The fiction is popular, and important. I understand the best way to reach people is through stories rather than facts, which is a problematic truth, but fiction works. I’m a bit preoccupied at the moment with a pet theory about the mental health crisis caused by the ‘narrativisation’ of everyday life, but it’s one for the pub. Maybe I’ll write a book on it sometime and hide it in a drawer.

4. Your January Book of the Month was Repeater’s The Worst is Yet To Come. What is your February Book of the Month and how do you go about choosing?

I chose Peter Fleming’s superb book for Repeater as an antithesis to the usual January ‘New Year-New-Me” diet fad routine. I thought it was funny to flip that, be a little curmudgeonly and do that thing of jokingly introducing serious ideas. The book is great though. Things are evidently going to get worse so it’s wiser to prepare for that than to shed a few pounds. I wasn’t at all sure if customers would appreciate this choice, until we sold fifty copies in the first week of January!

February’s is a book called the Seven Keys To Modern Art which explains simple ways to look and appreciate art that is, let’s be honest, not exactly straightforward to access and often alienating and unsettling. It’s very worthwhile to break through these obstacles, so I think it’s an important and helpful book. March is the brilliant reissued surrealist novel Chasm by Dorothea Tanning. Her exhibition is opening at Tate Modern at the end of February and Virago Women’s Press kindly agreed to bring Tanning’s novel back to life for it.

I choose the book of the month based on what I think is useful, good, interesting or relevant to the present moment in relation to the gallery and its visitors.
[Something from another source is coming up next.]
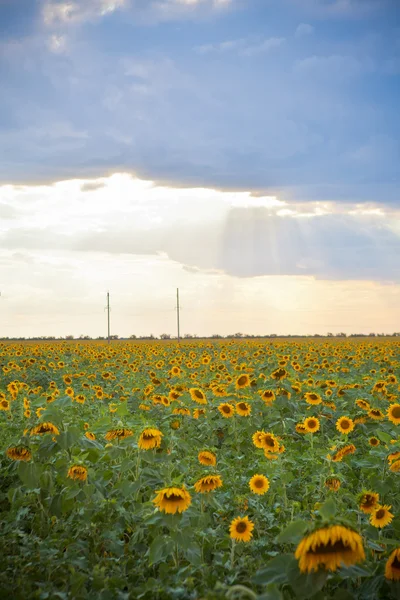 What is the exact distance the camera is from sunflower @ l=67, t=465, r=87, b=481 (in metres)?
5.24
It’s the polar opposite of the WH Smith’s paid-for-bestsellers thing. The greatest work of fiction on display in the WH Smiths ‘bestseller’ chart is the chart itself.

5. And finally, do you have any exciting plans for the shop that you’d like to share with us?

We’re always hatching plans and schemes, new angles and collaborations of some sort. We’re hoping to do something fun and dramatic to support the Olafur Eliasson exhibition later in the year. I’ve been helping arrange a compilation album for the Keith Haring show in Liverpool with Soul Jazz Records which I’m really excited about. We’re also working on a music selection, some beautifully packaged vinyl treats. I want to do more with indie presses, zines and DIY counter-cultural material. There is an increasing demand and need to create an outlet and space for a new generation of emerging publishers. There’s an extraordinary poetry scene bubbling up that needs celebrating too. There’s a lot of creative energy in the air out there and we’re trying to harness it all and channel it through the shop.